====== MATERIAL FOR THE TASK

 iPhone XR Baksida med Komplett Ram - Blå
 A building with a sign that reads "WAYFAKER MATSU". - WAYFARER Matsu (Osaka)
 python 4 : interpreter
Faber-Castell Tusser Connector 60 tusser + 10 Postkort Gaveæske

============
====== MATERIAL FOR THE TASK

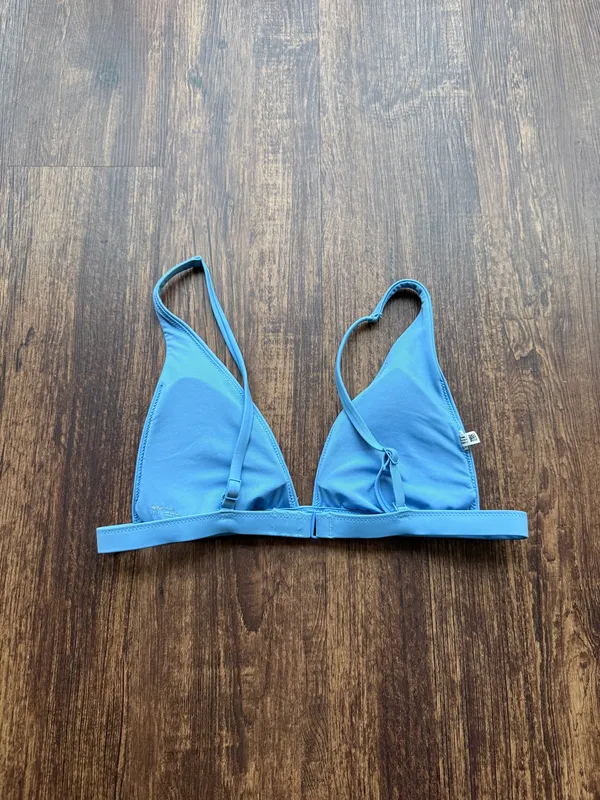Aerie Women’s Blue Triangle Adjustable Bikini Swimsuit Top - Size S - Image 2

============
====== MATERIAL FOR THE TASK

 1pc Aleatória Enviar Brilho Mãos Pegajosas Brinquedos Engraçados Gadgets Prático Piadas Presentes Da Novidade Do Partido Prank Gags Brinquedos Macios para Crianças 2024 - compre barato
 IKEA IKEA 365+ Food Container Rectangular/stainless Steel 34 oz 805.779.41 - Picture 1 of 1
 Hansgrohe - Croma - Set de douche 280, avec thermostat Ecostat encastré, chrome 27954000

============

EXERCISE OBJECTIVE: Within the listing above, give again exactly every line from the line with "1pc Aleatória Enviar" through the line with "Hansgrohe - Croma", both included, and no other line.

REPLY TO THE EXERCISE:
 1pc Aleatória Enviar Brilho Mãos Pegajosas Brinquedos Engraçados Gadgets Prático Piadas Presentes Da Novidade Do Partido Prank Gags Brinquedos Macios para Crianças 2024 - compre barato
 IKEA IKEA 365+ Food Container Rectangular/stainless Steel 34 oz 805.779.41 - Picture 1 of 1
 Hansgrohe - Croma - Set de douche 280, avec thermostat Ecostat encastré, chrome 27954000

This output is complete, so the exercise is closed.